At the CEWIT 2013 Conference in October, I spoke about the challenges of visual computing and developing an exclusively voice driven user interface. In preparation, I began by researching forecasts for the wearable computing market and I was amazed at how the forecasts were scattered all over the place. In the graph below you can see that statistics for device shipments through 2018 range from close to 500 million all the way down to less than 100 million. Although the discrepancy is significant, it’s safe to conclude that the wearable computing market is going to grow. How much, how fast, and how long will it take? Who knows? What we do know is that it will grow!
I looked at the evolution of head mounted computers and again was fascinated at how far we’ve come. From Steve Mann’s backpack computer in the 80’s to a fully self-contained head wearable computers like the Motorola HC1 and Google Glass of today. You can now put a smart device on your head and actually speak to and it listens. Or does it?
What are the major challenges of visual computing?
As we began developing the voice driven UI that drives one of our products we came across two major challenges related to the speech engine:
1.)Features – What are they and are they obvious to the user?
2.)Phrasing – What can the user say to make the application work? And How should they say it?
These two challenges may sound easy to solve but in our experience it took years to get a UI in a place that addresses these issues effectively. Now, take these two challenges related to the speech engine and add a head wearable computer to the mix where voice is the only input and a micro display and mini speaker are the only feedback as the user interacts with the computer. This combination posed several new visual computing challenges including:
- Dealing with speech recognition engine personality
- Dealing with environmental issues (e.g. noise)
- How to address varying accents
- Processing different vocabulary
- What can the user say? How do you cue the user?
- How do you lay out an application and workflow that is voice optimized?

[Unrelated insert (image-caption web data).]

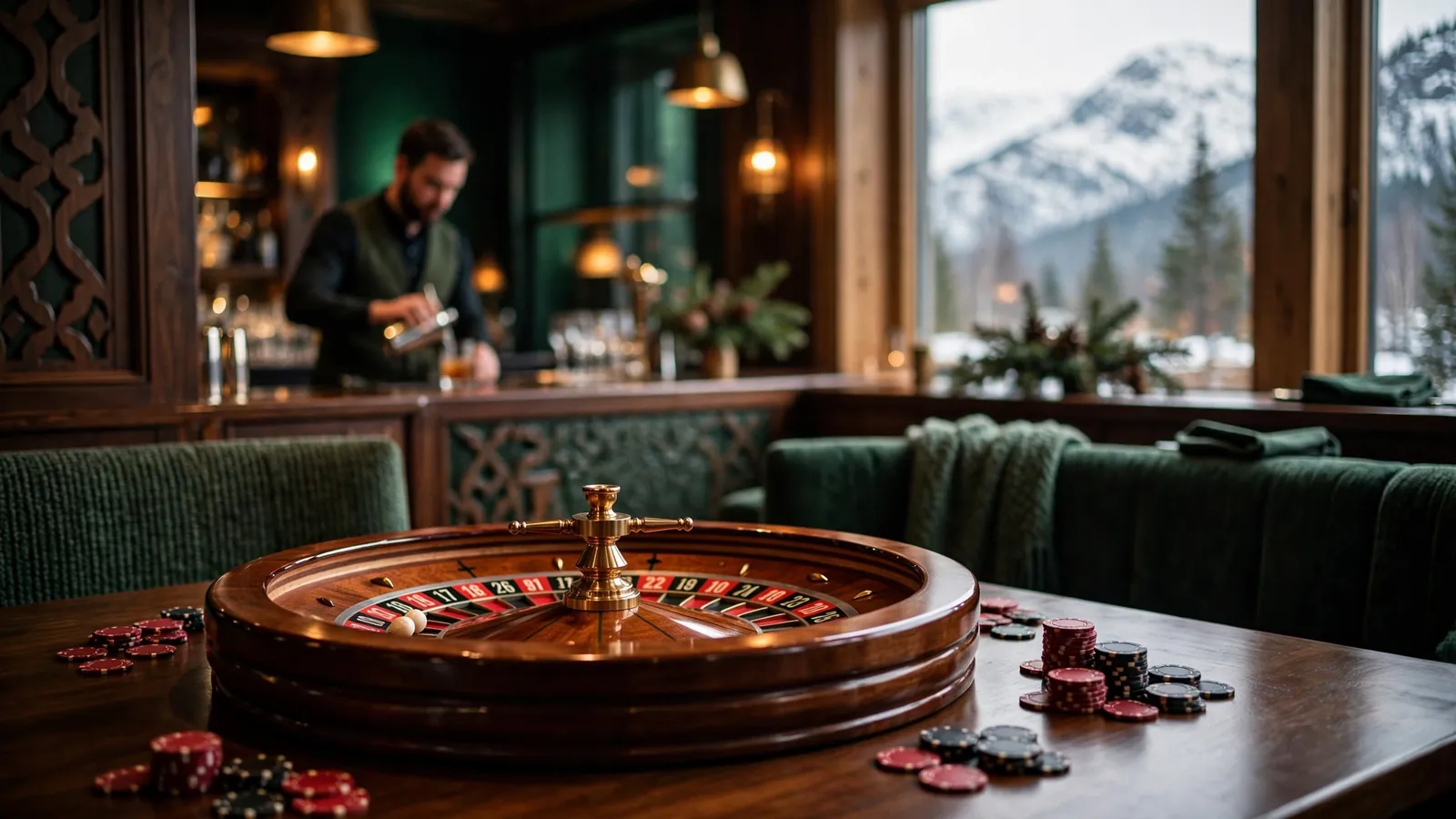 Casinospill: regler og spill på nett i Norge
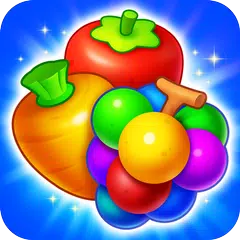 Descargar APK de Explosión de jardín de frutas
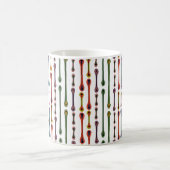 Mug Lignes atomiques (Centre)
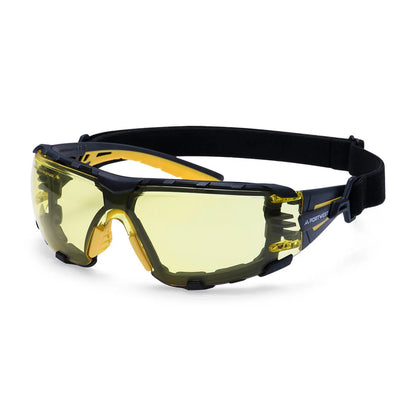 Portwest Tech Look Pro KN Safety Glasses PS28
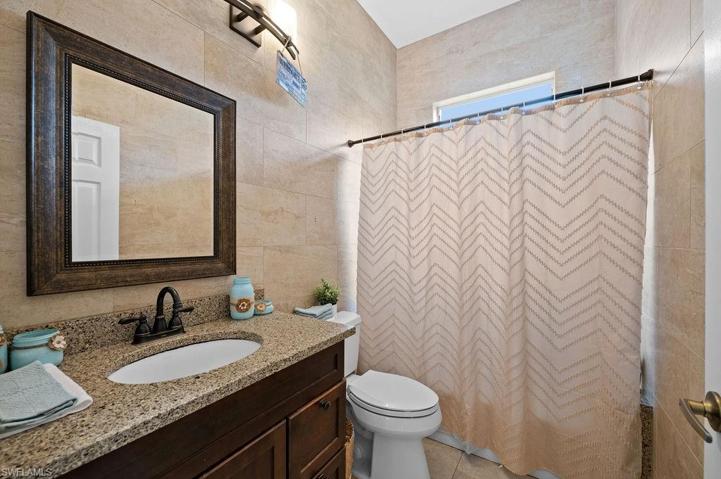 Hall Bath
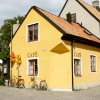 Gula huset. 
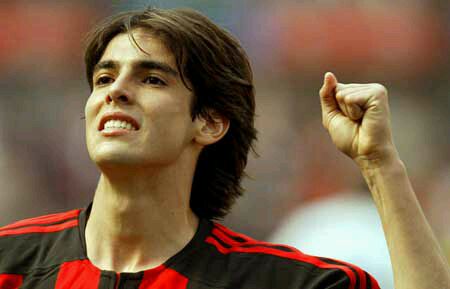 奥兰多和卡卡告别,卡卡奥兰多时期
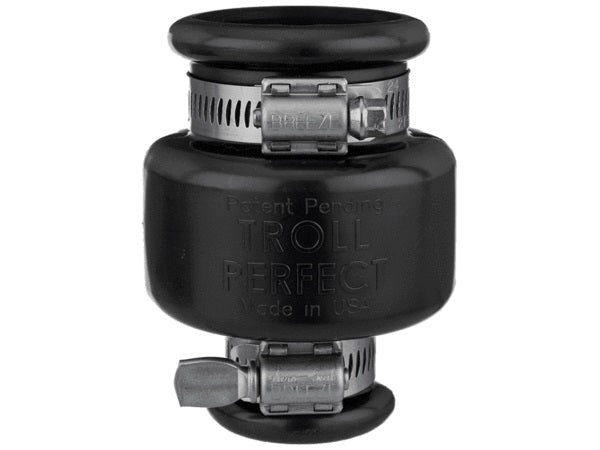 TH Marine G-Force Troll Perfect for MotorGuide Black - GFTP-MG-BK-DP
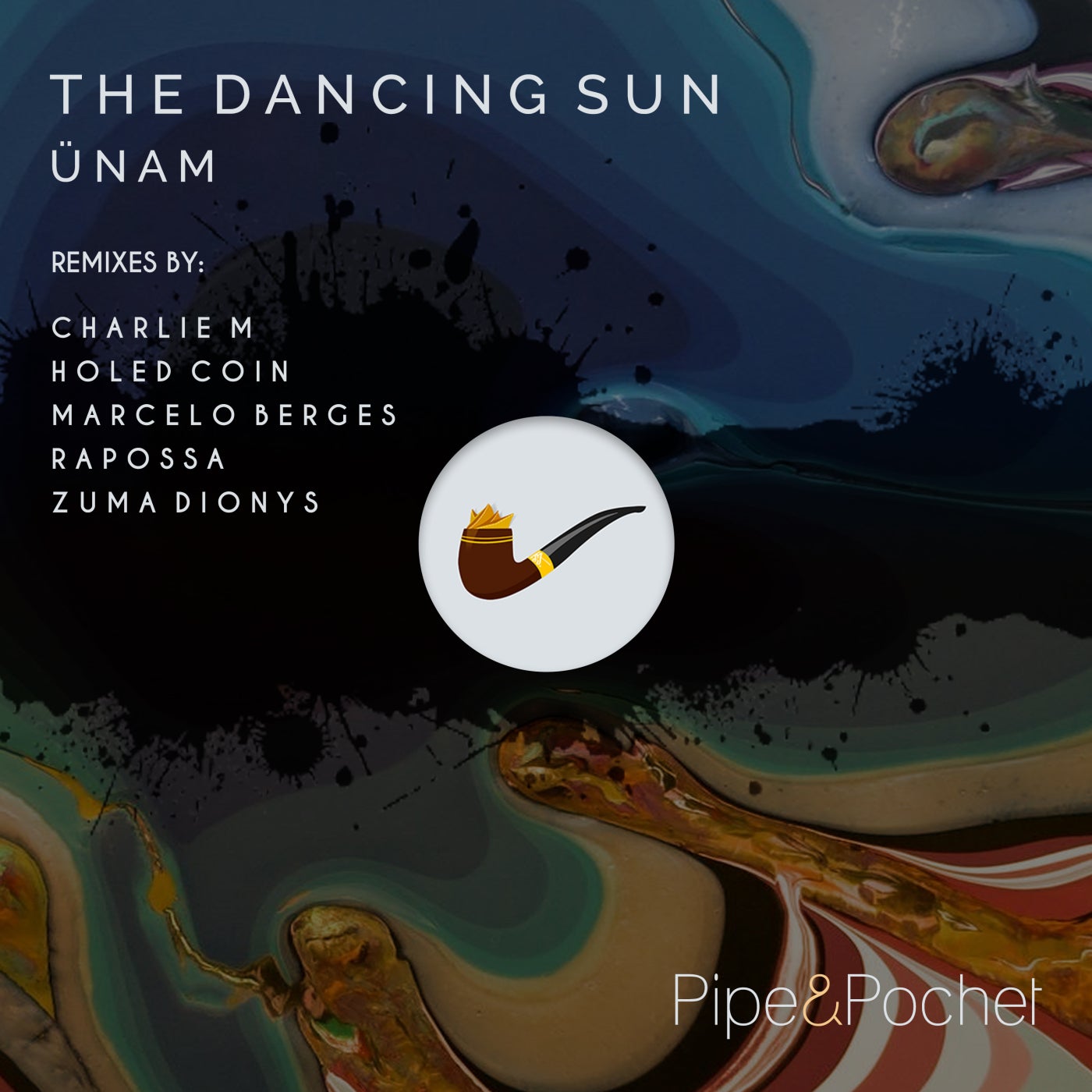 ÜNAM – The Dancing Sun [PAP051]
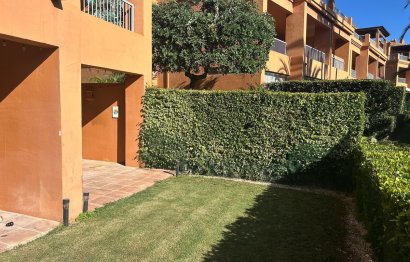 Resale - Ground floor apartment - Benahavís - Benahavís Centro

- How to address security concerns like logging into the application
We addressed many of these challenges by coming up with a standard operating model across the application so that wherever the user is within the application, the methods for getting what they need were consistently the same. We also limited the number of commands on each screen and carefully selected the vocabulary on each screen. This made the speech engine extremely accurate and efficient!
Additionally, we spent hours in brainstorming sessions, UX storyboarding and workflow sessions, planning meetings, design meetings, etc. figuring out what the best approach should be to creating the UI. The key to success in all of these meetings was to include, not just designers and engineers, but also members of other departments who knew little to nothing about the application. Inviting these folks to the table gave us a fresh perspective and helped us develop a system from a human-centered point of view. How many times have you picked up a new hardware device or purchased new software and immediately been able to tell it had not been designed with you in mind? We did not want that to happen with our product.
Lastly, how is a secure login created when voice is the only input? We did it by using a built in head tracker on the HC1 device and a mouse pointer to hover over each password item then selecting it with a voice command like “select item”.
Developing a voice driven user interface was certainly an exciting project but by no means was it always fun. In my sleep I can still hear echoes of one of my engineers saying repeatedly, ad nauseum, Window Close”; “Window Close”!! “Window Close”!!!!!